- _PROBLEM DETAILS_:
Both ends included, restate word for word the lines from the first line of the listing through the line containing "After the file". Leave the pictures out.

··· DATA TO PROCESS ···

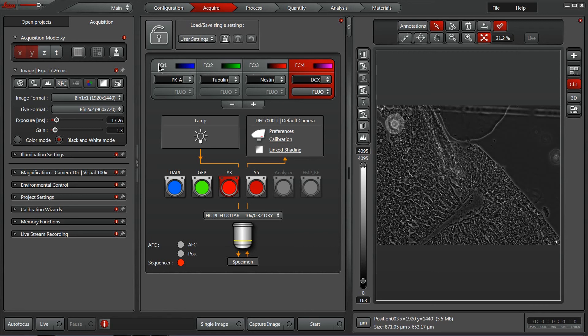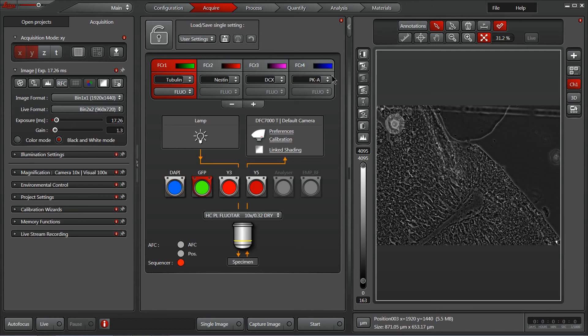I always prefer to do Dappi last, however. Since the UV light used to excite Dappi can also excite other fluorophores, it also can photoconvert fluorophores or aid in bleaching of fluorophores. So we were always taught in my lab to image Dappi last.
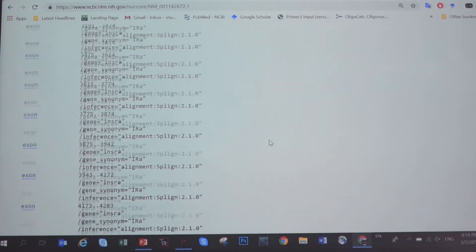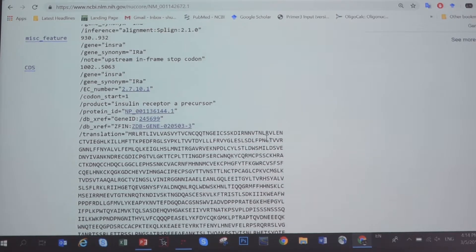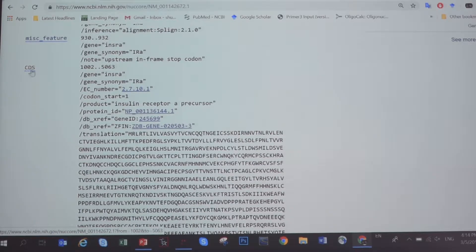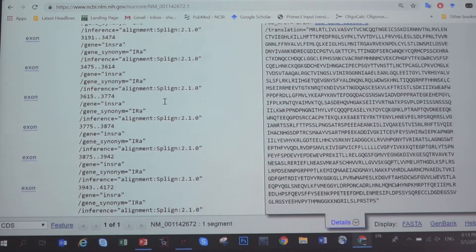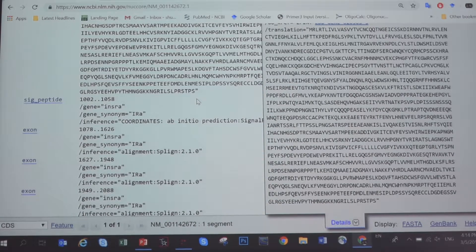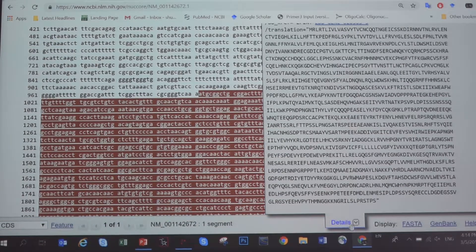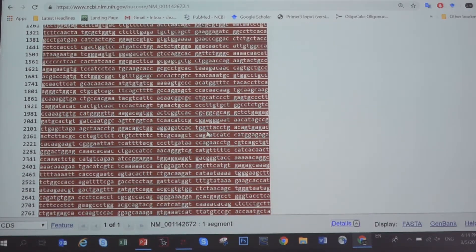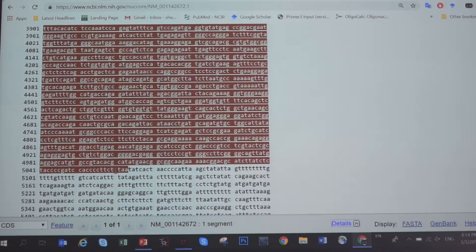Once you've done that, go back to the sequence website. In GenBank you can find the coding region. Click on the CDS coding widget.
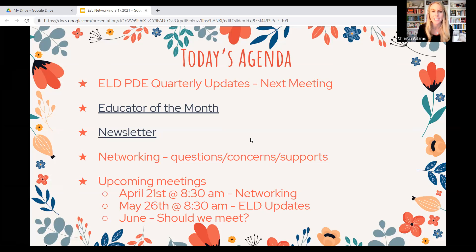As we wrap up the closure of this year, we had a lot of great sessions and I appreciate your participation. We will be meeting in April on April 21st and again in May on May 26th — that will be our last one. We voted and we're not going to be hosting a June networking session. However, I'm available for you or your district if there are any final ESL professional development sessions or other PD topics needed.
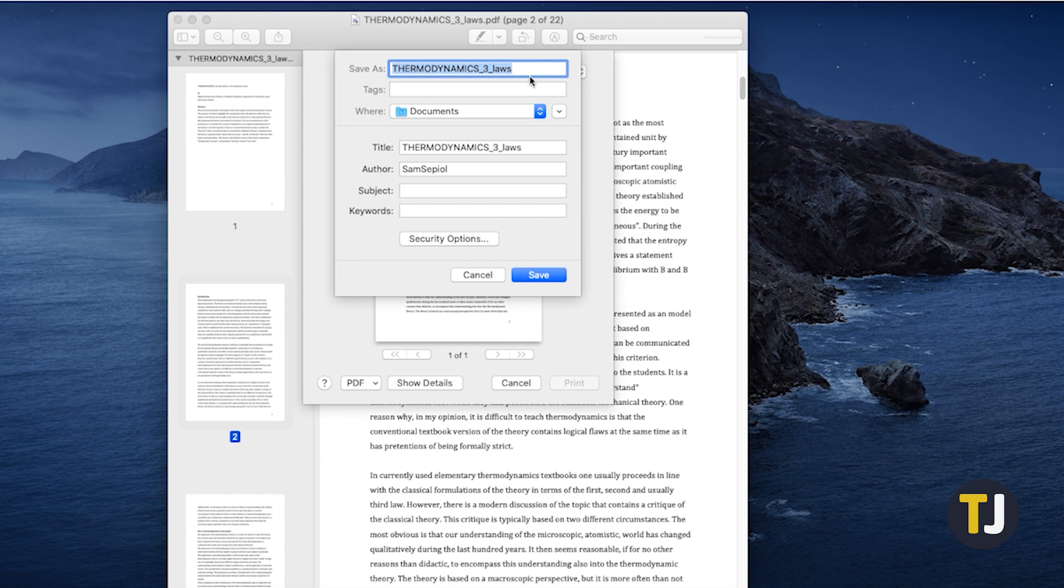From here, choose a name and location for your file, and fill any additional information you wish to fill out. Once you're done, just click Save.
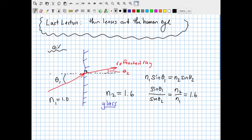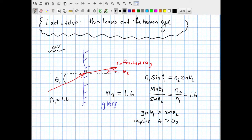Since sine theta1 divided by sine theta2 is greater than 1, that implies theta1 is greater than theta2 — exactly what I've drawn. When going from a material with a low index of refraction into a material with a higher index of refraction, the angle with respect to the normal is reduced. This will always be true.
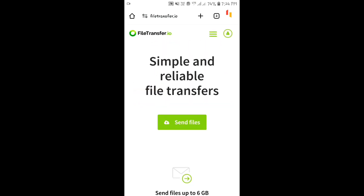After the file is uploaded, click on the 'Copy Link' option from below. Then you can share that file link with others.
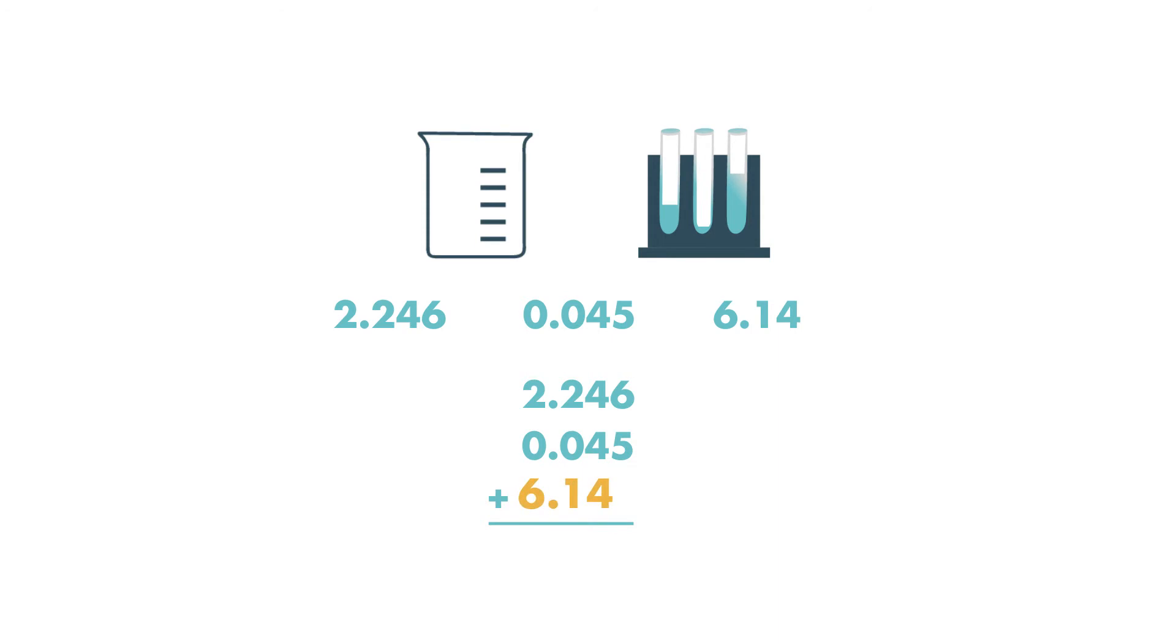Because the third test tube does not have a number in the thousandths place, she writes a 0 as a placeholder. Then she adds the numbers just like she does with whole numbers except the place values are different.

···

- _RESPONSE TO THE EXERCISE_:
I always prefer to do Dappi last, however. Since the UV light used to excite Dappi can also excite other fluorophores, it also can photoconvert fluorophores or aid in bleaching of fluorophores. So we were always taught in my lab to image Dappi last.
Once you've done that, go back to the sequence website. In GenBank you can find the coding region. Click on the CDS coding widget.
As we wrap up the closure of this year, we had a lot of great sessions and I appreciate your participation. We will be meeting in April on April 21st and again in May on May 26th — that will be our last one. We voted and we're not going to be hosting a June networking session. However, I'm available for you or your district if there are any final ESL professional development sessions or other PD topics needed.
From here, choose a name and location for your file, and fill any additional information you wish to fill out. Once you're done, just click Save.
Since sine theta1 divided by sine theta2 is greater than 1, that implies theta1 is greater than theta2 — exactly what I've drawn. When going from a material with a low index of refraction into a material with a higher index of refraction, the angle with respect to the normal is reduced. This will always be true.
After the file is uploaded, click on the 'Copy Link' option from below. Then you can share that file link with others.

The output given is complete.